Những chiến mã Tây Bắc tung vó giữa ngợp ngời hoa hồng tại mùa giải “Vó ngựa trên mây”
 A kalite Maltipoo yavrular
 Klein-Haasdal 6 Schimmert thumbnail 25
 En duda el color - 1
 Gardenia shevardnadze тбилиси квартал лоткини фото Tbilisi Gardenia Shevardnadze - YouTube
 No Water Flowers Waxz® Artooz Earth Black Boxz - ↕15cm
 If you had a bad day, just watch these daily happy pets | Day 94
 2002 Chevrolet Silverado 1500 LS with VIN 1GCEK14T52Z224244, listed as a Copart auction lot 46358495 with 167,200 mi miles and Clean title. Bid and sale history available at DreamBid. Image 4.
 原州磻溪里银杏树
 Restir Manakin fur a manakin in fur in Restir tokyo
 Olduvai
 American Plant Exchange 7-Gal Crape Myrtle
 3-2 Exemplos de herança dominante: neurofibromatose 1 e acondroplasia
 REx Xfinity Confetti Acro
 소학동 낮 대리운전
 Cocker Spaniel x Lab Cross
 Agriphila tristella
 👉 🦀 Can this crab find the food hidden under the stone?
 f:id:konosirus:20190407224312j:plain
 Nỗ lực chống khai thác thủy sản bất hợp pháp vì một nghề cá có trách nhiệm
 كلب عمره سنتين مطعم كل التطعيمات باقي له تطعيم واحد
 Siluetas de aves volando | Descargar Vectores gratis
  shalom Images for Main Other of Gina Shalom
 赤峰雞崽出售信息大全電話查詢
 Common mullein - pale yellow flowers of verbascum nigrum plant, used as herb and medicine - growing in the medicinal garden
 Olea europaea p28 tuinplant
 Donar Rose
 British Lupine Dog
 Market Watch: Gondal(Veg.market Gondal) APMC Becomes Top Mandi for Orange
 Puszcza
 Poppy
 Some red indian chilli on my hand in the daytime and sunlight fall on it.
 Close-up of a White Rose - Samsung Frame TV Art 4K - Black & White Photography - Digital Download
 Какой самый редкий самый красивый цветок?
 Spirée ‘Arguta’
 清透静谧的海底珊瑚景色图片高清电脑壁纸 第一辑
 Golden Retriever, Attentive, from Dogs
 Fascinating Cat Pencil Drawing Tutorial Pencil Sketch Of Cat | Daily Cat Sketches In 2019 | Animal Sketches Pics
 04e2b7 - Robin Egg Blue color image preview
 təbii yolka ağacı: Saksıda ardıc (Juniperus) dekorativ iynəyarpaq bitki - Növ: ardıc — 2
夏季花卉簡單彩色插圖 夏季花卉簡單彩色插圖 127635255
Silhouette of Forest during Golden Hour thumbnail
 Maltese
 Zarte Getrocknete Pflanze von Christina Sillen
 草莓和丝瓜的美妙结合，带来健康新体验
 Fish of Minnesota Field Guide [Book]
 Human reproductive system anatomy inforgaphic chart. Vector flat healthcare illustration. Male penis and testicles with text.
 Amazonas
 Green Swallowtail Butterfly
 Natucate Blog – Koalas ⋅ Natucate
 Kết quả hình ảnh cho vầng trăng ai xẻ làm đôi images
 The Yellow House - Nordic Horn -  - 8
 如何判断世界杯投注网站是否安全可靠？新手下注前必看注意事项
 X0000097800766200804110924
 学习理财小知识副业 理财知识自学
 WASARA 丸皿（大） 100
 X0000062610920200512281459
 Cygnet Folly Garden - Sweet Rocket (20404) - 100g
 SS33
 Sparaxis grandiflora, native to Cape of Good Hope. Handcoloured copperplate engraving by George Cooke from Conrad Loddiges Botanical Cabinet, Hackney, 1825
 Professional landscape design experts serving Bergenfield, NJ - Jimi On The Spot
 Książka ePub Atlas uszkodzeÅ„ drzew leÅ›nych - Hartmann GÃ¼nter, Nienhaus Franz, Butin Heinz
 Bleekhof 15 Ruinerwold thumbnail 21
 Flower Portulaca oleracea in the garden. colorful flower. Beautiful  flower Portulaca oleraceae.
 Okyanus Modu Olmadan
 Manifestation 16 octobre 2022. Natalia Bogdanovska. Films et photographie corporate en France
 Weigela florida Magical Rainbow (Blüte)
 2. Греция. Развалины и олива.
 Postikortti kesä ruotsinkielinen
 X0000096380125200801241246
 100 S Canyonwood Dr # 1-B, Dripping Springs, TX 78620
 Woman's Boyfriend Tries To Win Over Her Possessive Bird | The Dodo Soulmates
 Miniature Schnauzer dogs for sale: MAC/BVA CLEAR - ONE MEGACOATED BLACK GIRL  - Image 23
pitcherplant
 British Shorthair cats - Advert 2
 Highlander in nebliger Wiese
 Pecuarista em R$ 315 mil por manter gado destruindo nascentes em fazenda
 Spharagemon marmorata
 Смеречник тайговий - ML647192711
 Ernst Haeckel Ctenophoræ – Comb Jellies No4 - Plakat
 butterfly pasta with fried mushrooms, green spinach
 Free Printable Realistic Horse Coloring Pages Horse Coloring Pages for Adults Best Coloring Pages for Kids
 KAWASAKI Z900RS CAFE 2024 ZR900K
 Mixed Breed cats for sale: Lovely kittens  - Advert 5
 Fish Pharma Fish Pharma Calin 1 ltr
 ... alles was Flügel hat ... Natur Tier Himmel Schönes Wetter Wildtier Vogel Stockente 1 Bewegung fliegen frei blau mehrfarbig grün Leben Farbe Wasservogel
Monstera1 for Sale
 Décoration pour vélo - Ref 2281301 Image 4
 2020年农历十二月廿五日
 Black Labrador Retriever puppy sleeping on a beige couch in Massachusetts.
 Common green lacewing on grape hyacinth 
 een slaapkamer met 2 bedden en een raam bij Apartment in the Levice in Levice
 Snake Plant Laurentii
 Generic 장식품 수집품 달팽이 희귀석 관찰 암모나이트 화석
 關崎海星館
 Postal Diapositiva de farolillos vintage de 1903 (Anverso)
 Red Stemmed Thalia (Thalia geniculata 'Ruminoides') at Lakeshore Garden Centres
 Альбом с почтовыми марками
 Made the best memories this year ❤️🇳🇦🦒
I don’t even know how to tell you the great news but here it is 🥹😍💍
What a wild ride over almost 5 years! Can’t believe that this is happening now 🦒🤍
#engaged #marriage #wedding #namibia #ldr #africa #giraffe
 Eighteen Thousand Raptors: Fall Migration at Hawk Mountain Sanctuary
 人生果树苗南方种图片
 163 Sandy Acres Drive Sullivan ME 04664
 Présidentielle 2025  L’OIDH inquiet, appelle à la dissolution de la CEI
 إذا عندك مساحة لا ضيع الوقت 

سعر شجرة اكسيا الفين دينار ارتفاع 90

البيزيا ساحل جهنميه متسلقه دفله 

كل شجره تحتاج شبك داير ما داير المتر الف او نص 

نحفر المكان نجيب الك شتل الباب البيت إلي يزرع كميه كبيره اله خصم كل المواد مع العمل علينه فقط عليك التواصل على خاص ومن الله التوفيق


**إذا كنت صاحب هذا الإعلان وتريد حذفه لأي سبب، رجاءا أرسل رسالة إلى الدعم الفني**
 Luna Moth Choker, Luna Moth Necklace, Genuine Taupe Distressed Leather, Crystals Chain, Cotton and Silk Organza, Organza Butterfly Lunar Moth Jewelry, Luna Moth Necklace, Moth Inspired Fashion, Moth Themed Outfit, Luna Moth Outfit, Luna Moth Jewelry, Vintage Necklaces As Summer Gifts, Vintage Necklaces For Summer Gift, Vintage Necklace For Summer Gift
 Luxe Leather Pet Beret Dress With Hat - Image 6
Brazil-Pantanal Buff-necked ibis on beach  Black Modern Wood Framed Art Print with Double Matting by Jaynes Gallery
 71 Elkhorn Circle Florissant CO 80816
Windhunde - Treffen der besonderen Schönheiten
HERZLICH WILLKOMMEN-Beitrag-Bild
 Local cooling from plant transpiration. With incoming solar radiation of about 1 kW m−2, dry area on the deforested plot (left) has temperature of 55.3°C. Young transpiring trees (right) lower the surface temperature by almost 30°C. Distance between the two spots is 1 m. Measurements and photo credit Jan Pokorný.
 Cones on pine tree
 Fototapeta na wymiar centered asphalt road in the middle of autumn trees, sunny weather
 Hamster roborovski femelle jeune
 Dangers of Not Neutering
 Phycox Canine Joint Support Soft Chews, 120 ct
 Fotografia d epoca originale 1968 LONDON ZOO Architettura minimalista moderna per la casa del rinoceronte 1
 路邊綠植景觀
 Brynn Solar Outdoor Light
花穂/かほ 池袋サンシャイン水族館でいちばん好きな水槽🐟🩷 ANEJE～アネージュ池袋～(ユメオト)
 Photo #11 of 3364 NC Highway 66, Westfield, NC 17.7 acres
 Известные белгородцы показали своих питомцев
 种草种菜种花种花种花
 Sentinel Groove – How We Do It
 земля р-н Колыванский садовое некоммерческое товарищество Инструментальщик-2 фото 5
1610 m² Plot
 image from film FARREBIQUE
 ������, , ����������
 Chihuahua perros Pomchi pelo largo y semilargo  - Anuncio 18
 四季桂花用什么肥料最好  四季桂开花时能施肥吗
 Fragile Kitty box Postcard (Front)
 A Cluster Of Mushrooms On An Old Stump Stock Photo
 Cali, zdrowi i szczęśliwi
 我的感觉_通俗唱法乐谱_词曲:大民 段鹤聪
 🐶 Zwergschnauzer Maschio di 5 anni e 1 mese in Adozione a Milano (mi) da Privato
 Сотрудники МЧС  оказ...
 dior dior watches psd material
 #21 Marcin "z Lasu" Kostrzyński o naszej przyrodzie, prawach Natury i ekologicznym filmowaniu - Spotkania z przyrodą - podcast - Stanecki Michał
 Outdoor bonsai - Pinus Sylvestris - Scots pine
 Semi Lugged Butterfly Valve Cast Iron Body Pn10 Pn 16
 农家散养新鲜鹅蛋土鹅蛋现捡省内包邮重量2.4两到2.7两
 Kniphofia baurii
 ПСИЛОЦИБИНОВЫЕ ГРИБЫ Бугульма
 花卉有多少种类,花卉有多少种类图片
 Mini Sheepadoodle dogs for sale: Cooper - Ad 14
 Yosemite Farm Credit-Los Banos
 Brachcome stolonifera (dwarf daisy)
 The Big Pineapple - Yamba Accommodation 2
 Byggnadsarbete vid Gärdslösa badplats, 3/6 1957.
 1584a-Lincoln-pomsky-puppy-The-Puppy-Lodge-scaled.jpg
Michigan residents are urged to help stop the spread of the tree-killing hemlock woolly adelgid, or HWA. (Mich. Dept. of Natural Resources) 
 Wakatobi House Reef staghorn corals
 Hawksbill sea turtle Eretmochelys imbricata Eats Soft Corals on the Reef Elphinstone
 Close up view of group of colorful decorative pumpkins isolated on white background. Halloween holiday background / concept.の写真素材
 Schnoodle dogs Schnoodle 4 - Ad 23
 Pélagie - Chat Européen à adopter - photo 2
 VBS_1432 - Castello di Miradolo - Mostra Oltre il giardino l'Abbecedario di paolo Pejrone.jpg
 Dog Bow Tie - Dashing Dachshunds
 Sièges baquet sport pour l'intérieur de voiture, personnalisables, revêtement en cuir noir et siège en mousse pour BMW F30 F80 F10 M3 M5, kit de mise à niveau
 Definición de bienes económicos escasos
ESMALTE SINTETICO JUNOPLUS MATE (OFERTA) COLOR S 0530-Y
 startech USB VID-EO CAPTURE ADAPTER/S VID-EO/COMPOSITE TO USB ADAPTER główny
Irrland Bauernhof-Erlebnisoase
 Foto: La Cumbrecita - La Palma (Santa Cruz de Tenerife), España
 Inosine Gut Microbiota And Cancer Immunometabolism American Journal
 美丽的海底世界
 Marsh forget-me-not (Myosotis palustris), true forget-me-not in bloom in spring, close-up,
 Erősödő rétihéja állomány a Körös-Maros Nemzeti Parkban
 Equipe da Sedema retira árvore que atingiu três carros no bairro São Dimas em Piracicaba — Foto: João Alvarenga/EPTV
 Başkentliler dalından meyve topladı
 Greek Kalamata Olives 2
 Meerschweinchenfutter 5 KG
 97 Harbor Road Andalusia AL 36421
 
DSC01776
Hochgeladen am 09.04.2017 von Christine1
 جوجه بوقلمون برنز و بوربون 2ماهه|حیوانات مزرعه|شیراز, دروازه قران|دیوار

→ Task: Check each line of the entries, and copy the ones that contain "House".

→ Result for this exercise:
 The Yellow House - Nordic Horn -  - 8
 Wakatobi House Reef staghorn corals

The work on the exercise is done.